• _Problem statement_: Repeat only the lines below that run from the line with "Luxurious Chiffon Embroidered" to the line with "Luxus Barock Porzellan", ends included; skip every picture.

• _Data for this exercise_:
»»

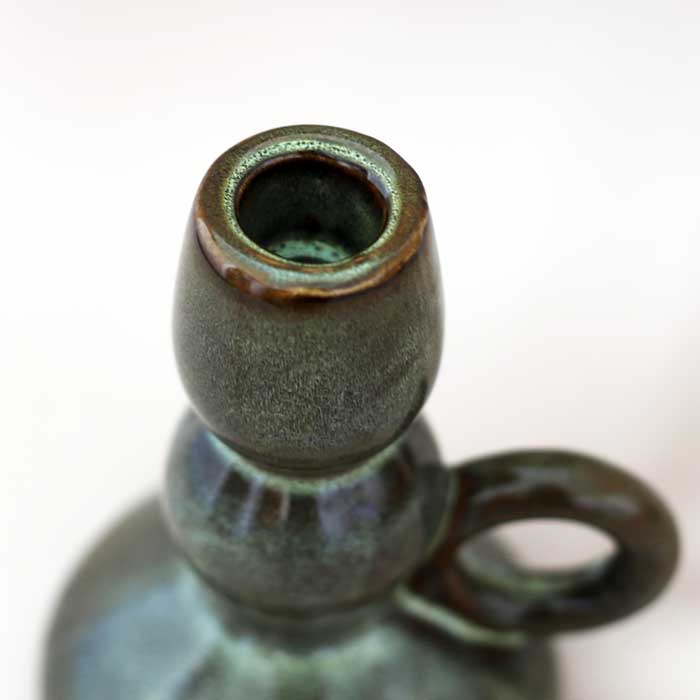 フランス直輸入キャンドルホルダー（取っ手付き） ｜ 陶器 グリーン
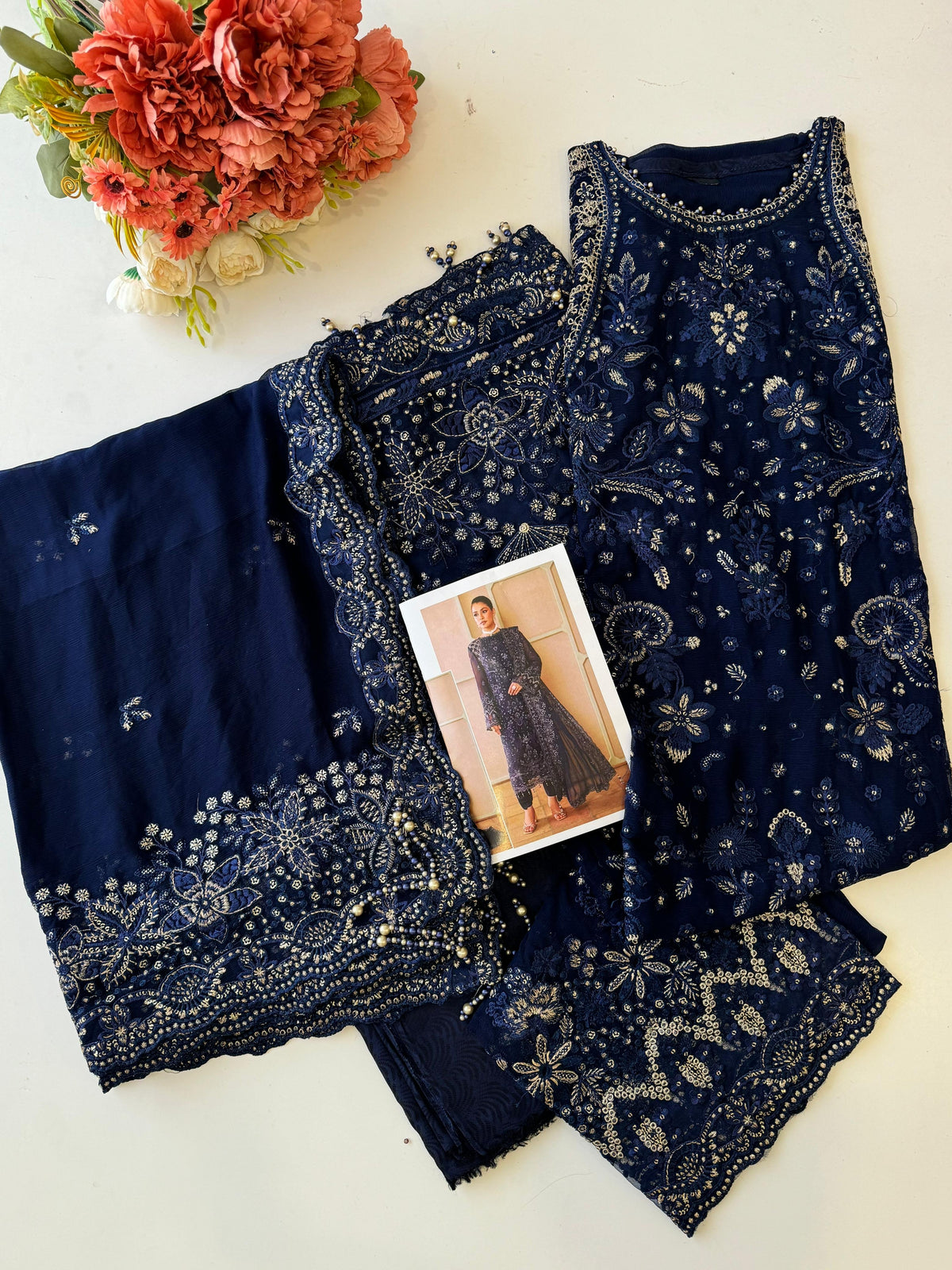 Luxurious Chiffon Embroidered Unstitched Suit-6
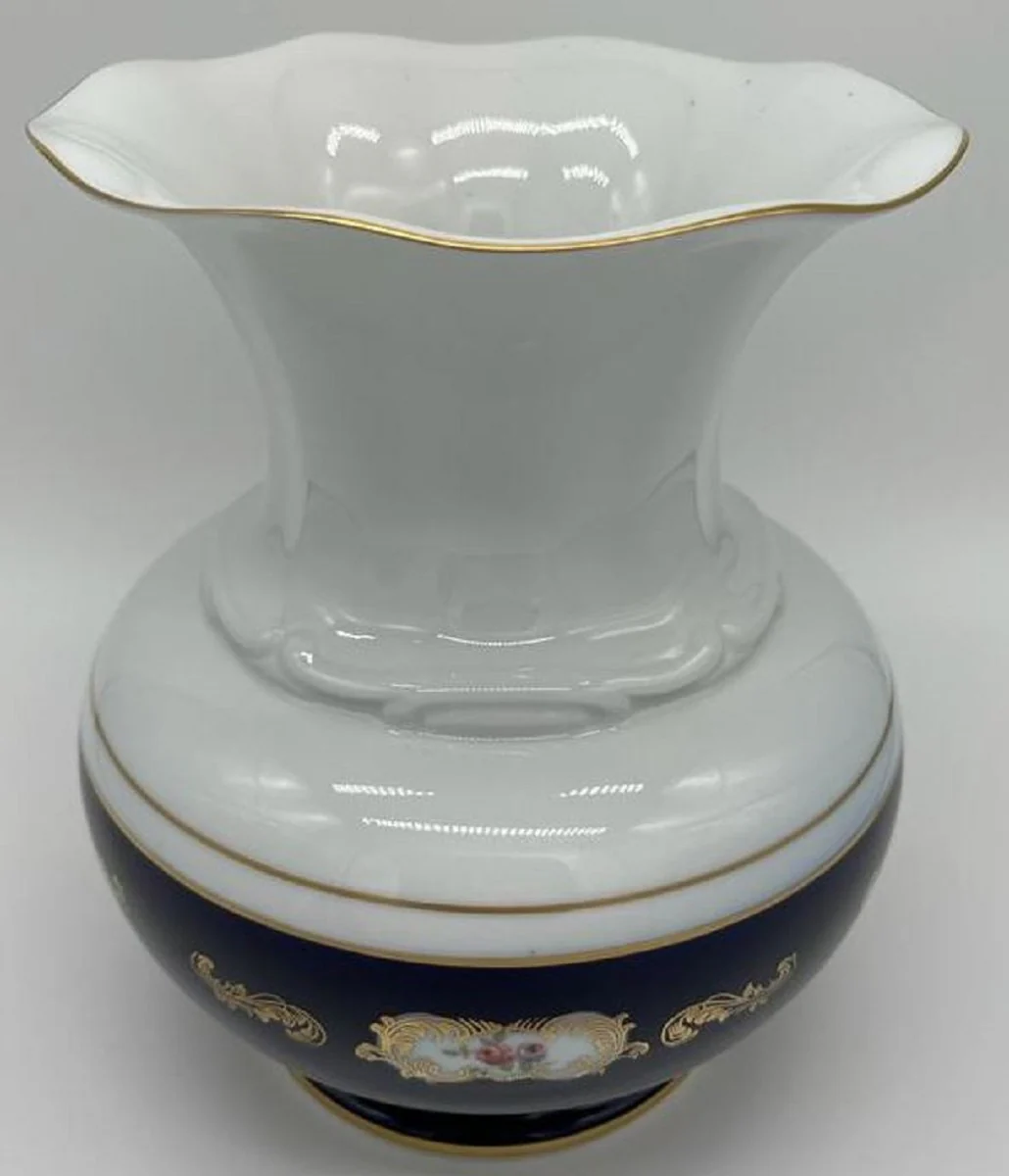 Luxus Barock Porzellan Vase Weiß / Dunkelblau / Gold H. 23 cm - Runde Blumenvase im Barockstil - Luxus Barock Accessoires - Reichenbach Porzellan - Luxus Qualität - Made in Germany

««
»»

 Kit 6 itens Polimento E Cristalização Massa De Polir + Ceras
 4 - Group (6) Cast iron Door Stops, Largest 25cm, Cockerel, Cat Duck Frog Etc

««

• _Exercise response_:
 Luxurious Chiffon Embroidered Unstitched Suit-6
 Luxus Barock Porzellan Vase Weiß / Dunkelblau / Gold H. 23 cm - Runde Blumenvase im Barockstil - Luxus Barock Accessoires - Reichenbach Porzellan - Luxus Qualität - Made in Germany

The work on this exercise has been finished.